# Nassau to Georgetown or visa versa



## mbianka (Sep 19, 2014)

Starting to plan our annual charter in the Bahamas for May. Considering a charter starting in Nassau and ending in Georgetown Exumas. Or starting in Georgetown and ending in Nassau. Stopping at Snorkeling spots will be a priority for the trip. Any reason to choose one direction over the other in May?


----------



## RegisteredUser (Aug 16, 2010)

Either..but SE prevailing makes ggt to nas better


----------



## MarkofSeaLife (Nov 7, 2010)

Definitely Geotgetown to Nassau.


----------



## boatpoker (Jul 21, 2008)

Wow ! Four pots in a row with speeling errors


----------



## MarkofSeaLife (Nov 7, 2010)

boatpoker said:


> Wow ! Four pots in a row with speeling errors


I'm dyslexic. (truly). But my phone is worse.

:crying


----------



## midwesterner (Dec 14, 2015)

MarkofSeaLife said:


> boatpoker said:
> 
> 
> > Wow ! Four pots in a row with speeling errors
> ...


I can relate. I'm a dyslexic, agnostic, insomniac. It often keeps me awake at night, wondering if there really is a doG.


----------



## Don L (Aug 8, 2008)

I would start at the location you want to do most

Nassau - party, shop, be in the people scene 
GT - gunk hole beach’s and snorkeling 

Yes the SE wind on paper make going GT to Nassau easier ........ on paper. But a charter trip is a schedule and it’s 50/50 at best it works out.


----------



## mbianka (Sep 19, 2014)

Don L said:


> I would start at the location you want to do most
> 
> Nassau - party, shop, be in the people scene
> GT - gunk hole beach's and snorkeling
> ...


We've done a number of Charters in the Exumas.

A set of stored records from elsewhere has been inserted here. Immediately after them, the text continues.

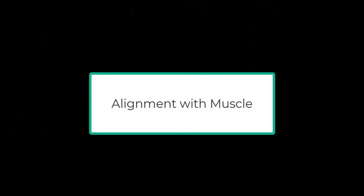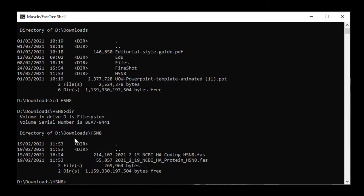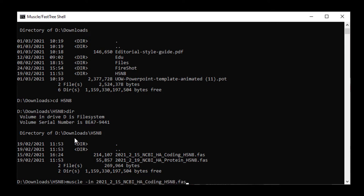The first step is to align the sequences with Muscle. The basic command is muscle -in input file -out output file. In this case, I'm going to first align the DNA coding sequences. Notice that once I start typing the name of the input file, there's a rapid jump to the name.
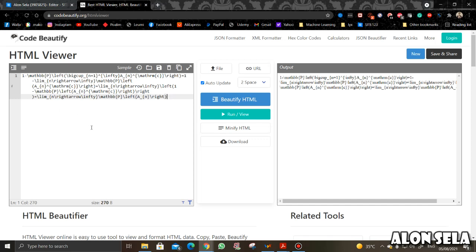I want to take this LaTeX code and upload it to my website. The first thing we're going to do is to put the MathJax code. MathJax is an engine — it takes the LaTeX code and translates it to mathematics symbols that we can upload to the web.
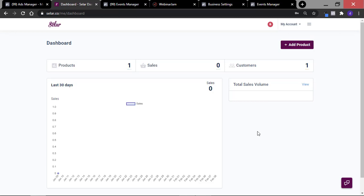Hi guys, in this video I will show you how to track a specific product sale on your Selar store with a Facebook pixel using custom conversions. The reason you want to do this is to know how many people actually bought that specific product, and also to retarget these people to either upsell or cross-sell other products to them, or even exclude them from your future ads.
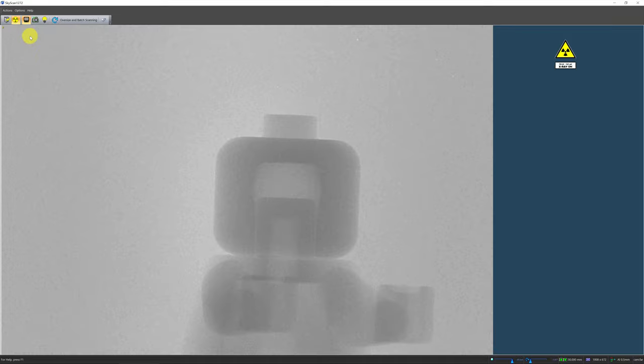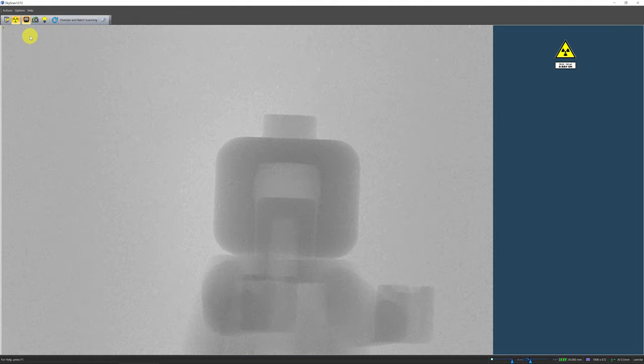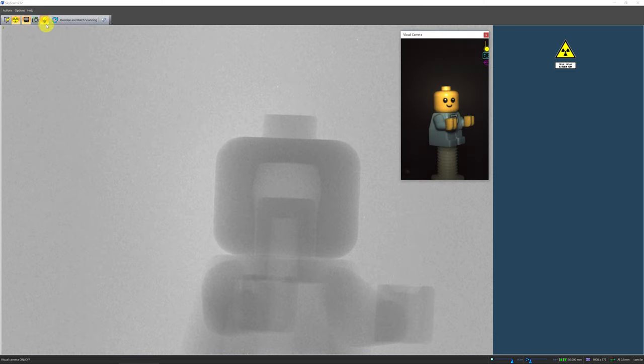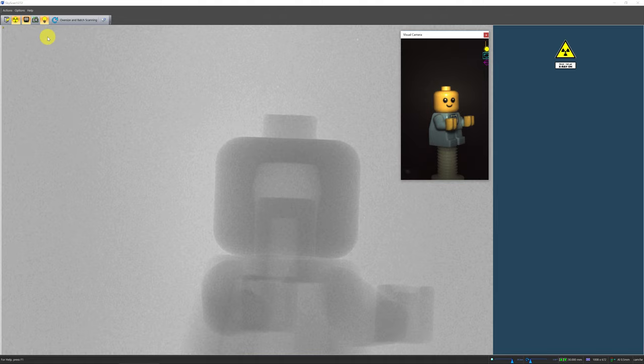First, switch on the x-ray source by a left mouse click on the x-ray icon. After seeing the x-ray sign appear on the screen, click the grab x-ray image continuously icon on the toolbar. The x-ray detector will now start capturing the x-ray transmission signal continuously and display the shadow projection image on the screen. You can also switch on the visual camera by clicking the visual camera icon on the toolbar. This will help you locate your sample if your sample has low x-ray transmission.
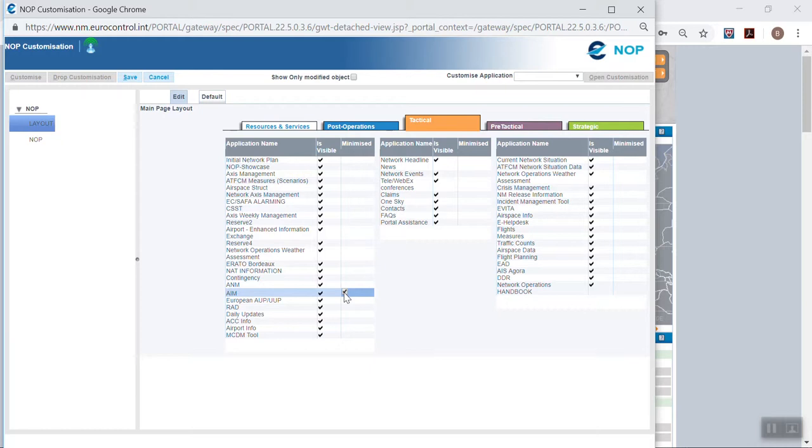It is recommended to keep the applications visible but minimized for the ones that are not often needed. Repeat the same steps for the other applications.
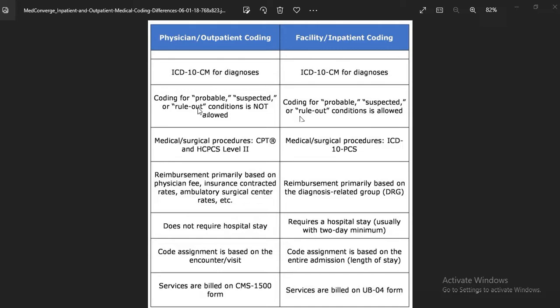In inpatient coding, we can code probable, suspected, and rule-out conditions. For coding surgical procedures, in outpatient we can use CPT and HCPCS Level 2. In inpatient, we have ICD-10-PCS.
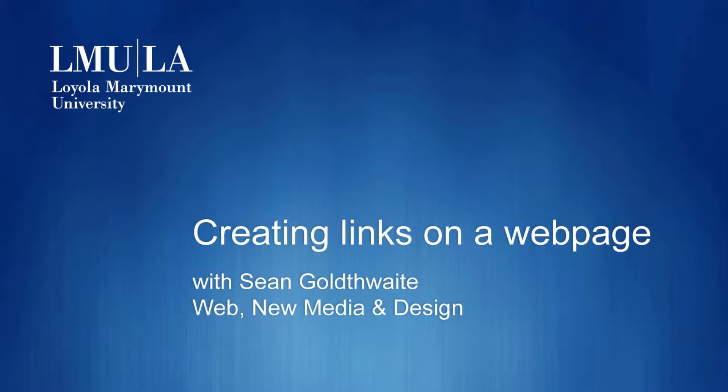Hi, my name is Sean and welcome to the web training. Today we're going to be learning how to add links to our web pages.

Most starting off in Georgetown and one where we flew from Nassau to Staniel Cay and started there then flew back to Nassau from Norman's Cay. For my gal the charters are all about the snorkeling. We've certainly got our favorite spots. Shopping is not on the agenda. We plan to get off the boat in Nassau and head right to the airport.


----------